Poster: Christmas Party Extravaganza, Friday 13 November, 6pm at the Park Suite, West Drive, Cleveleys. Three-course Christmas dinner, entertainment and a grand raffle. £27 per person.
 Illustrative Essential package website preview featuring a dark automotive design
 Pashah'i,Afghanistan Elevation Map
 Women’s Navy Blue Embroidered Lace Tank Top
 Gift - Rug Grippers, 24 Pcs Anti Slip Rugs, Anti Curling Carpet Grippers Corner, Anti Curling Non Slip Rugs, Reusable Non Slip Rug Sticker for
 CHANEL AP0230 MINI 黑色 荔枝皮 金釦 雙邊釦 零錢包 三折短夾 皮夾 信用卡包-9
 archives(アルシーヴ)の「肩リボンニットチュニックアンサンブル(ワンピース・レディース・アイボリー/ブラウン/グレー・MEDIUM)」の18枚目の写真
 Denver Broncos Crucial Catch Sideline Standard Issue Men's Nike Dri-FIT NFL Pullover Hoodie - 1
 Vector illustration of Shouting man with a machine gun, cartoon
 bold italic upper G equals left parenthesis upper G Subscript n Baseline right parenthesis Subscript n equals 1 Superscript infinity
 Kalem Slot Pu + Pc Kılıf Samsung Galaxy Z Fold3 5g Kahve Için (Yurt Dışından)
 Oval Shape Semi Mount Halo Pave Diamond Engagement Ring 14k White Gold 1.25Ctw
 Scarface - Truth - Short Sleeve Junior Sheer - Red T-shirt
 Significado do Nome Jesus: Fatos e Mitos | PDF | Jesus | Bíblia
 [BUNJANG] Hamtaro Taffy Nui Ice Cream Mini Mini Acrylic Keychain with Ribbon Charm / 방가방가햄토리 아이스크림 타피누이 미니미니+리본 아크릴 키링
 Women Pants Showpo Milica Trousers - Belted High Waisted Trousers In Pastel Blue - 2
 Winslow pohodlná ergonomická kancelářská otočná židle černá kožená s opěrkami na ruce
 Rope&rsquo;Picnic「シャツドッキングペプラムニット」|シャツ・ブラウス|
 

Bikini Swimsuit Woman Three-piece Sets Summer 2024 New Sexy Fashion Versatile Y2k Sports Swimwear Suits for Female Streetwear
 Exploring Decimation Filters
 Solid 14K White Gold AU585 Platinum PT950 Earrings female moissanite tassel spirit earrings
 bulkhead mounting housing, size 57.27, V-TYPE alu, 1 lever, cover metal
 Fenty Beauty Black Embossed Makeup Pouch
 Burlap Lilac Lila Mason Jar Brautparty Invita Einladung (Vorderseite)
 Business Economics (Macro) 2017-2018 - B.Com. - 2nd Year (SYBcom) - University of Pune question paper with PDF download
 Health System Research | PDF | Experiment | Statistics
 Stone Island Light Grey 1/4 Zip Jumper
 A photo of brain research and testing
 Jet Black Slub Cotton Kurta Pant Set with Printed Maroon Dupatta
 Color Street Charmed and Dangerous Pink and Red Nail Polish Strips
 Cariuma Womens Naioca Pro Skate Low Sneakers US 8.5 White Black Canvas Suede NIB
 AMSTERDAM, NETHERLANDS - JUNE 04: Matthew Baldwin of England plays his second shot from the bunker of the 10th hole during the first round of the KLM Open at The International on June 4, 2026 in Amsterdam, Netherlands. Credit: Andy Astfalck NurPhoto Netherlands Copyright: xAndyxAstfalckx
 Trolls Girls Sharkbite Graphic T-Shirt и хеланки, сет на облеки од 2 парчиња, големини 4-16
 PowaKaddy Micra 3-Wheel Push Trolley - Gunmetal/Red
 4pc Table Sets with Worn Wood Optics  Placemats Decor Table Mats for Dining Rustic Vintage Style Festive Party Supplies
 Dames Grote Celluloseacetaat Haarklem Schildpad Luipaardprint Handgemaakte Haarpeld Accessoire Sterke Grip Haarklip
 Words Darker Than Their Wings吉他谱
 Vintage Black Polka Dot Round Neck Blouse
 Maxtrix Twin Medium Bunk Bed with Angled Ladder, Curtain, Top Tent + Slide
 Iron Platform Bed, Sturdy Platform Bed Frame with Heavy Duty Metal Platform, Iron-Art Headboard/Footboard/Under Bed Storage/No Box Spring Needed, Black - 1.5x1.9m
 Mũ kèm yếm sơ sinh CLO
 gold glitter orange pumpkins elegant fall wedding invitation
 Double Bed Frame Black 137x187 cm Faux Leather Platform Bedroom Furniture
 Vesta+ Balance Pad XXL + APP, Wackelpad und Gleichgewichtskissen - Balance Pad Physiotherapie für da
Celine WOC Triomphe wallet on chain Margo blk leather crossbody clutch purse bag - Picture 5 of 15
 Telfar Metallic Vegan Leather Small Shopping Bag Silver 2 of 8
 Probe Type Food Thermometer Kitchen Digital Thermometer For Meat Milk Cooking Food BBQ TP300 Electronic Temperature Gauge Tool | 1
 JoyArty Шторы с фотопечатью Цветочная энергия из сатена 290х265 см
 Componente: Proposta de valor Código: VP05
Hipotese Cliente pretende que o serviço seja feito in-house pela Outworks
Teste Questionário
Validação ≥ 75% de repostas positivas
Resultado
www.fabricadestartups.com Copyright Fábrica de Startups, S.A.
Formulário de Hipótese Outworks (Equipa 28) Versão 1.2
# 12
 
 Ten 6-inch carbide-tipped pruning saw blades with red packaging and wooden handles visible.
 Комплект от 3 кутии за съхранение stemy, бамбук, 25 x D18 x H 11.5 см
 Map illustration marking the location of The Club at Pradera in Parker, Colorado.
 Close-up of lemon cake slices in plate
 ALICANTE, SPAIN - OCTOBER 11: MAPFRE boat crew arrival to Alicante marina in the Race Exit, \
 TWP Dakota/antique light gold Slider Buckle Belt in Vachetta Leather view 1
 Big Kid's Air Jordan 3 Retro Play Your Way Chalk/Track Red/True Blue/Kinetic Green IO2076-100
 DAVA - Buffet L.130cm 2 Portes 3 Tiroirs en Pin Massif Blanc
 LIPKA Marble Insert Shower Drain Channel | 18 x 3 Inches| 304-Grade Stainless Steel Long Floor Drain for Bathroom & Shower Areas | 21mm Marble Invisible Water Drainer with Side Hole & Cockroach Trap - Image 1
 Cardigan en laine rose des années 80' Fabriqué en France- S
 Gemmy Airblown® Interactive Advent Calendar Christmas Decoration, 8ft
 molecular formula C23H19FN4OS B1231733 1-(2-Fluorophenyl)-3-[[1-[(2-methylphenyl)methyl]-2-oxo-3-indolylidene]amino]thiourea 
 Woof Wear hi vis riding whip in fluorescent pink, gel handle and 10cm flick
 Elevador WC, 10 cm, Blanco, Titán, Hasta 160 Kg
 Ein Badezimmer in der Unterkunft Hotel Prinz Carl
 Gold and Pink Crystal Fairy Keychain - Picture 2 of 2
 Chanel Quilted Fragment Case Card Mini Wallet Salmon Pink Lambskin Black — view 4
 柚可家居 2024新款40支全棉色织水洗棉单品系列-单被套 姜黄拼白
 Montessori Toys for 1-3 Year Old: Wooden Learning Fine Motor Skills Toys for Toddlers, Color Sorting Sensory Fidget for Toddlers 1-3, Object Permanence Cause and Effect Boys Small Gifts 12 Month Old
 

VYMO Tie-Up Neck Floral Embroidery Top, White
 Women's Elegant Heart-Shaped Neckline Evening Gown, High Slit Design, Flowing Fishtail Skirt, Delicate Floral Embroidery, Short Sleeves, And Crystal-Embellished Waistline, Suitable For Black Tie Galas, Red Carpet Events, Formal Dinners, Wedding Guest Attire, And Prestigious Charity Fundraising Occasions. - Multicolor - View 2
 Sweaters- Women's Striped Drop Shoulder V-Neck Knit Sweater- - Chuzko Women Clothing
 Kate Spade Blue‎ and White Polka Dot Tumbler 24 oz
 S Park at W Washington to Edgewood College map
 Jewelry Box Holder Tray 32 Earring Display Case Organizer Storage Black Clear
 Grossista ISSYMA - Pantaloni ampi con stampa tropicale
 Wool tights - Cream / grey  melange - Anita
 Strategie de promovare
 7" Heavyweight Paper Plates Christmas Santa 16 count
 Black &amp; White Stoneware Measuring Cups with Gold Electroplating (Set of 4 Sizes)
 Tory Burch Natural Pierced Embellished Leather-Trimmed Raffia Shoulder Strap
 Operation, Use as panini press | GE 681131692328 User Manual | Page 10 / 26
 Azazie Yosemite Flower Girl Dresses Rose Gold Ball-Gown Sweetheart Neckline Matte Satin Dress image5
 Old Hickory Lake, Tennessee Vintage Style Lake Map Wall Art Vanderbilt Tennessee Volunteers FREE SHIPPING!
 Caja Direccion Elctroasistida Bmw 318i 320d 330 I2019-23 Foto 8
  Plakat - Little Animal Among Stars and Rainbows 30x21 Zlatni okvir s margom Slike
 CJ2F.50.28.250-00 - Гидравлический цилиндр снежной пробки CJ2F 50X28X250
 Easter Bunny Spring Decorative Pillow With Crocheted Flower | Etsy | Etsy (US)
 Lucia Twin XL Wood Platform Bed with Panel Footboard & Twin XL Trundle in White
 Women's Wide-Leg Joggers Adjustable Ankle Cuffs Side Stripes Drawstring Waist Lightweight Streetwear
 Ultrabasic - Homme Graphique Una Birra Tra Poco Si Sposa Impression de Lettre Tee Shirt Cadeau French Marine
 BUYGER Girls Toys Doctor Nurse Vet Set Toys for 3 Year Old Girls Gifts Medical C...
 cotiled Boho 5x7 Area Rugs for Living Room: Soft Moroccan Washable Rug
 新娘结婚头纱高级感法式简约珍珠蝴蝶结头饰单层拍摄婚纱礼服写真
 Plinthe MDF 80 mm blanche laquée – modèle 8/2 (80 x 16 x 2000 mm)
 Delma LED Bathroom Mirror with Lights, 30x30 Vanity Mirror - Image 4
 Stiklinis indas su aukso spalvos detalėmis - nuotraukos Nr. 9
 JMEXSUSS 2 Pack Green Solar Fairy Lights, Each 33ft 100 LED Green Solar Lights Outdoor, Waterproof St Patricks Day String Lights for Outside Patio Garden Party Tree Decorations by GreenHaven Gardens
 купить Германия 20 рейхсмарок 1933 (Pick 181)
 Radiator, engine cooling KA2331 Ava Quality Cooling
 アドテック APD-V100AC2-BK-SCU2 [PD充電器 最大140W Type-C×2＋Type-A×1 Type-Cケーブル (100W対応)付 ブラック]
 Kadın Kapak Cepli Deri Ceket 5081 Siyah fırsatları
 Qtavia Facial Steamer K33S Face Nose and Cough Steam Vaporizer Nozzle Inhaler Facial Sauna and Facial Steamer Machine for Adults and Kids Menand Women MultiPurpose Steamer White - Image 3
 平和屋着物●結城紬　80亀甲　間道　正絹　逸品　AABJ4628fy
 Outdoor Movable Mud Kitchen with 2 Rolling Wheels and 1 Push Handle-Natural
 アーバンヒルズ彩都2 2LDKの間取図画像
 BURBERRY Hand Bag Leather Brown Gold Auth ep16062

WHAT THE TASK REQUIRES
Where a line in the listing above includes the string "Carpet", copy that line.

ANSWER FOR THIS EXERCISE
 Gift - Rug Grippers, 24 Pcs Anti Slip Rugs, Anti Curling Carpet Grippers Corner, Anti Curling Non Slip Rugs, Reusable Non Slip Rug Sticker for
 Women's Elegant Heart-Shaped Neckline Evening Gown, High Slit Design, Flowing Fishtail Skirt, Delicate Floral Embroidery, Short Sleeves, And Crystal-Embellished Waistline, Suitable For Black Tie Galas, Red Carpet Events, Formal Dinners, Wedding Guest Attire, And Prestigious Charity Fundraising Occasions. - Multicolor - View 2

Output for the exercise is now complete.